Into the slim opening of the cryostat crown: a break in the concrete had been left by building contractors for the installation of the cryostat feedthrough for poloidal field coil #4. The operation was successfully carried out on 6 December.
An activity that began with the transfer of the component to the vicinity of the Tokamak Complex—and that was pursued as the 10-metre, 6.6-tonne component was introduced into the Pit through an opening in the bioshield roof—has now been concluded through the final positioning of the feeder segment in the building.
In the final lift sequence, the elbow-shaped component was raised by the monorail crane at the bottom of the Tokamak Pit, rotated above the cryostat crown, and lowered into a slim opening that had been left in the concrete circle in anticipation of this very installation sequence. Positioned on a temporary support tool supplied by the Korean Domestic Agency, technicians used cables to draw the horizontal segment of the feedthrough into the bioshield opening, while the vertical segment fell into place between the crown and the bioshield. (See more detail in the photo gallery below.)

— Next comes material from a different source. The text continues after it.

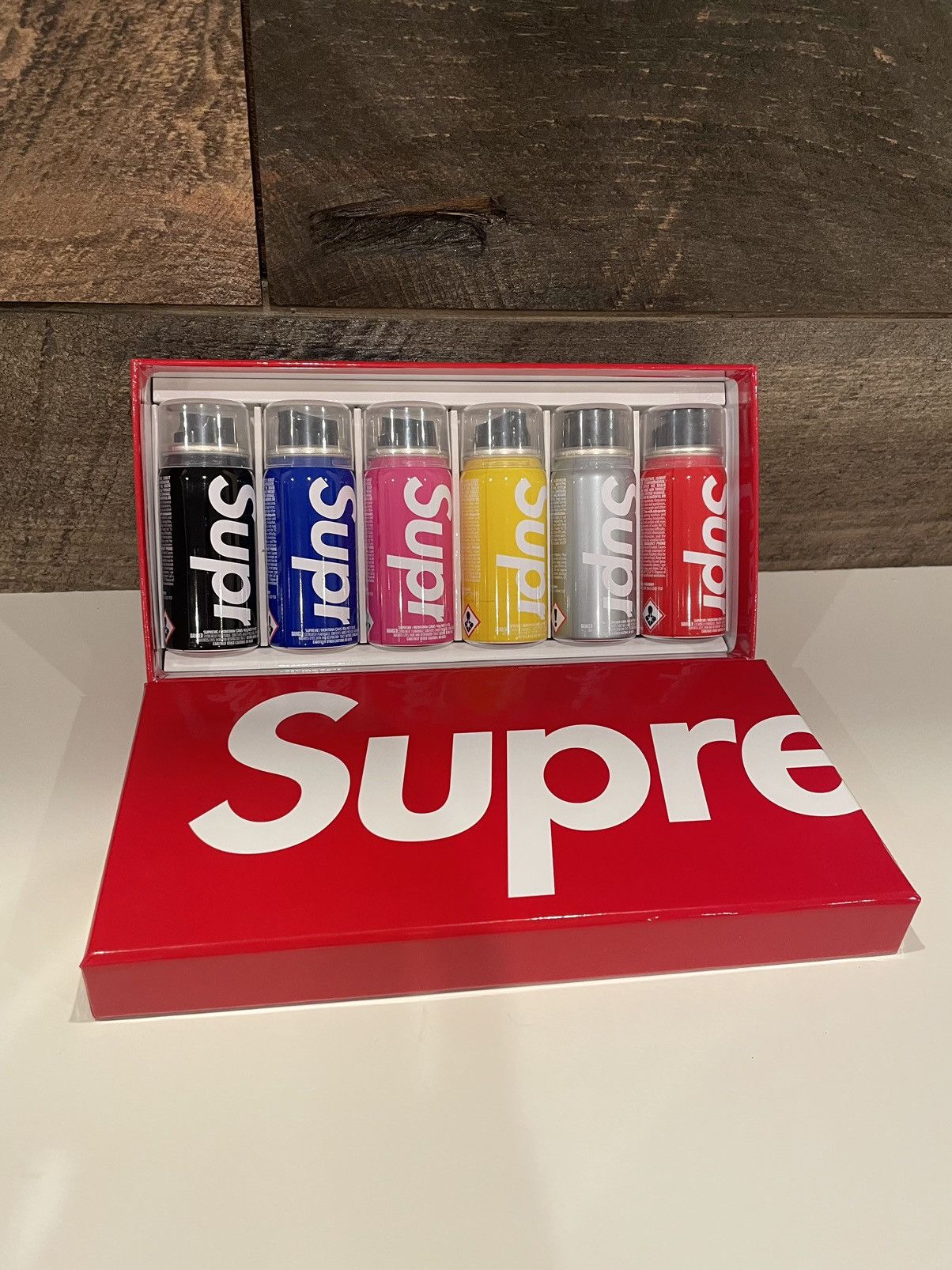 Supreme Supreme Montana Mini Spray Paint Cans | Grailed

Final adjustments were performed through metrology measurements to fall within +/- 2 mm with respect to the Tokamak Global Coordinate System.
If magnet feeders are the essential lifelines of the ITER magnets—carrying electricity, cryogenic fluids and instrumentation cables—"feedthroughs" are the part of the feeder assemblies that cross through the bioshield and the cryostat. This first completed unit had been delivered last year to the Magnet Infrastructure Facilities for ITER (MIFI) where, as a first-of-a-kind component, it underwent high-voltage tests, leak tests and endoscopic inspection.

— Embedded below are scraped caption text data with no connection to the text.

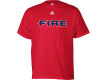 Chicago Fire adidas MLS Men s Primary One T Shirt
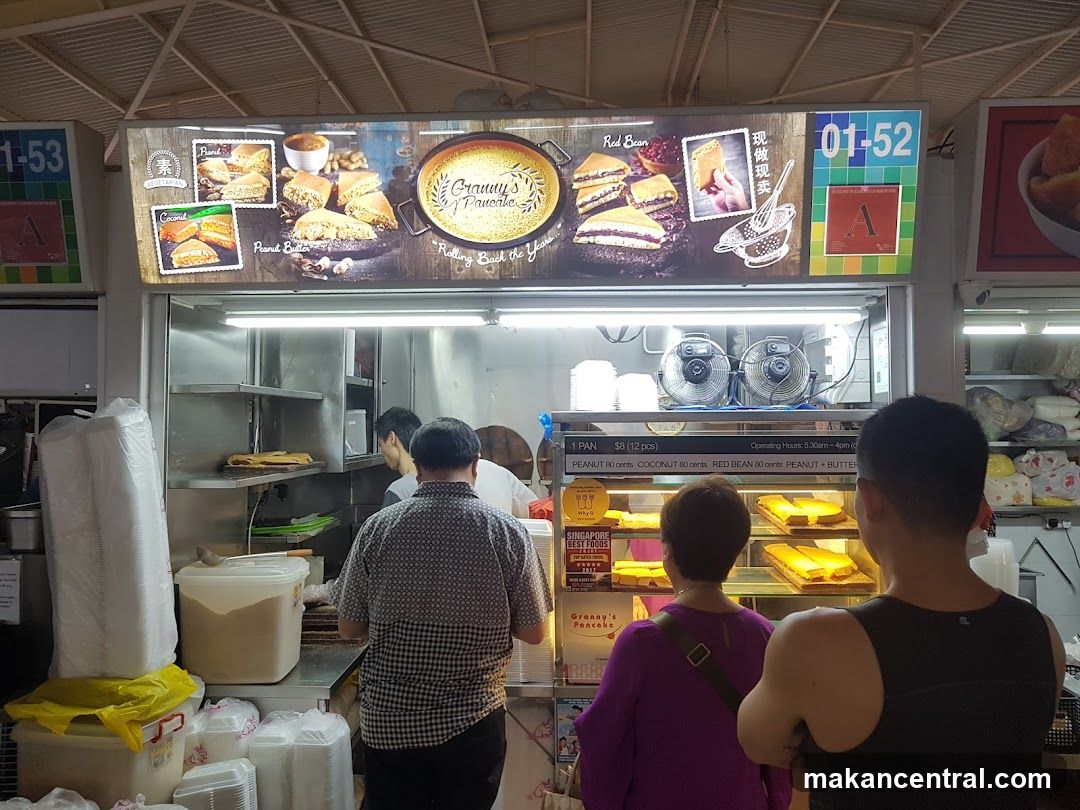 Food Stall with Pancakes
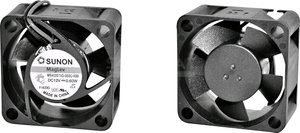 Wentylator osiowy Sunon MF40201VX1000UA99, 12 V/DC, 18.34 m³/h, (D x S x W) 40 x 40 x 20 mm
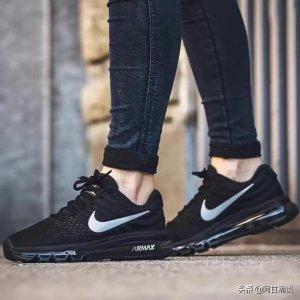 ​耐克Nike Air Max 2017经典跑步鞋全掌气垫休闲运动百搭慢跑鞋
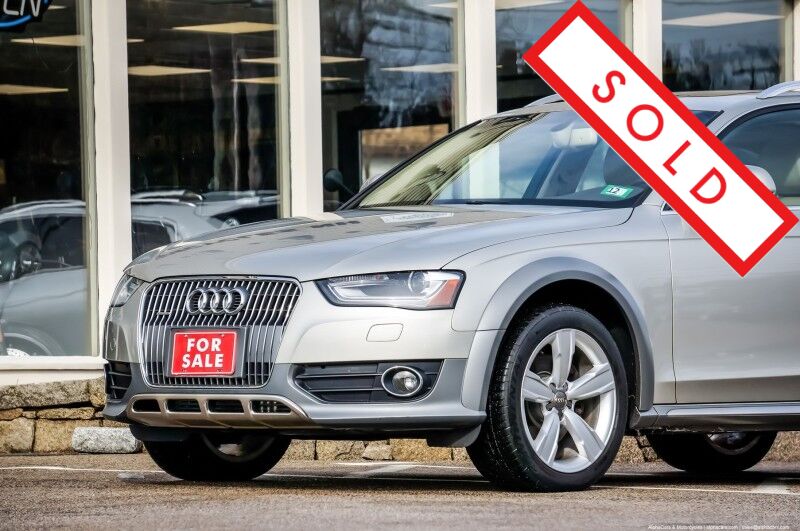 2014 Audi Allroad Premium Plus Boston MA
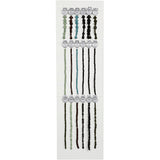 Https: www.cchobby.nl lava-kralen-afm-6-37-mm-gatgrootte-1-2-mm-inhoud-kan-varieren-ca-890-stuk-diverse-kleuren-20-slagen-1-doos - afbeelding 2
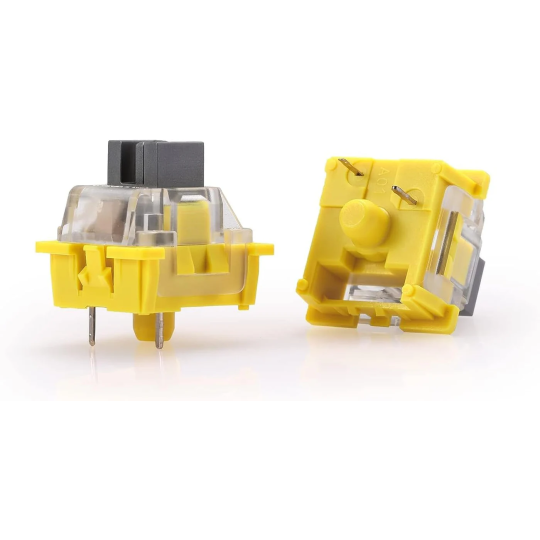 Redragon A113 Bullet-S – 24 Soft Linear Mechanical Switches for Keyboards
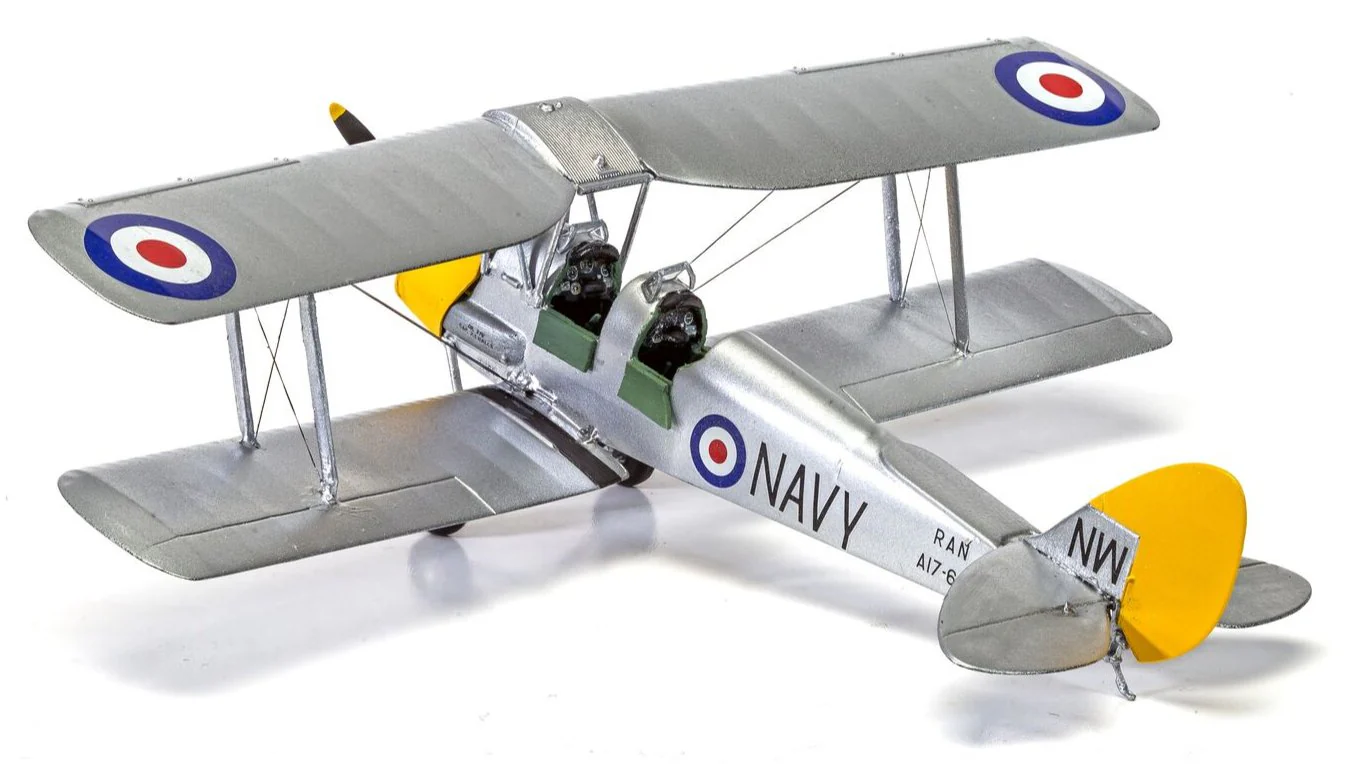 A02106A de Havilland Tiger Moth Model Kit - Image 5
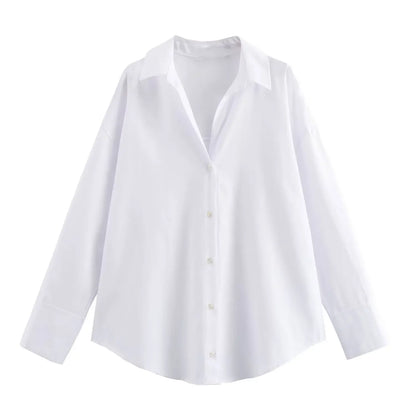 La chemise en coton Kensington pour femme 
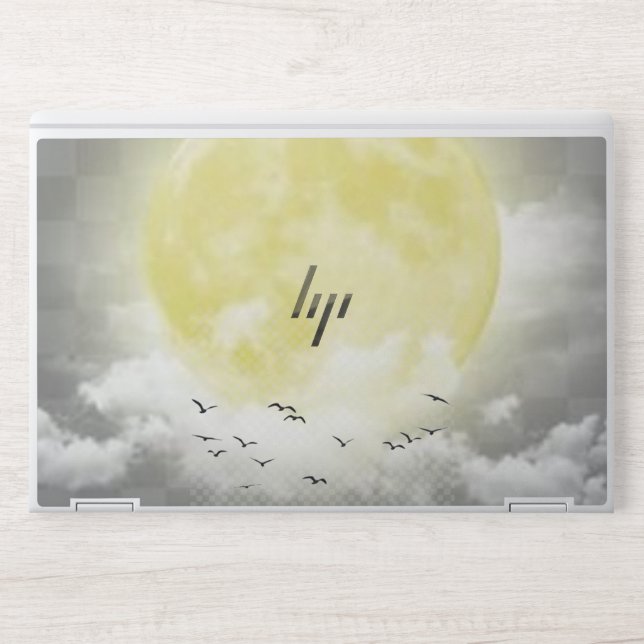 HP EliteBook X360 HP Laptop Skin (Front)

Ultimately, the feedthrough will be joined by two other components—an in-cryostat feeder (nearest the vacuum vessel) and a coil termination box (outside the bioshield)—to connect to poloidal field coil #4, one of the two largest of the machine's six poloidal field coils (24 metres in diameter).

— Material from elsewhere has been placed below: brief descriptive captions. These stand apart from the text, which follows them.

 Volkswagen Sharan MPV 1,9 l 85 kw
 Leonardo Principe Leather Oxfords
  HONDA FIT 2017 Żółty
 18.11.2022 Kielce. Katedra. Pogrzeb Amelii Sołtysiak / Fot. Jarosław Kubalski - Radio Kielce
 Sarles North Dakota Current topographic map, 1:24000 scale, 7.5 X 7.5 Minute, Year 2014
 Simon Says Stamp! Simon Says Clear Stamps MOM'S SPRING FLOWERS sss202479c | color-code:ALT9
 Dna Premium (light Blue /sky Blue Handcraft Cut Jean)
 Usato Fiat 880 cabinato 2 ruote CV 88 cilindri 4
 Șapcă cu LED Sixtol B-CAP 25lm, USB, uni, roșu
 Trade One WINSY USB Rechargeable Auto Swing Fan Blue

"A large number of actors played a critical role in the installation operation that concluded last week," notes Bruno Levesy, Group Leader of the In-Cryostat Assembly Section, with satisfaction, "The Domestic Agencies of China (fabrication) and Korea (tooling), the ITER Organization logistics provider DAHER (transport), European Domestic Agency building contractors, ITER's Construction Management-as-Agent contractor, and the French company CNIM (which won the early works contract in the Tokamak Pit) all participated." Giobatta Lanfranco (Construction Team) and Bruno were the most involved staff members of the ITER Organization. "It has been a good practice in coordination for the many activities to come."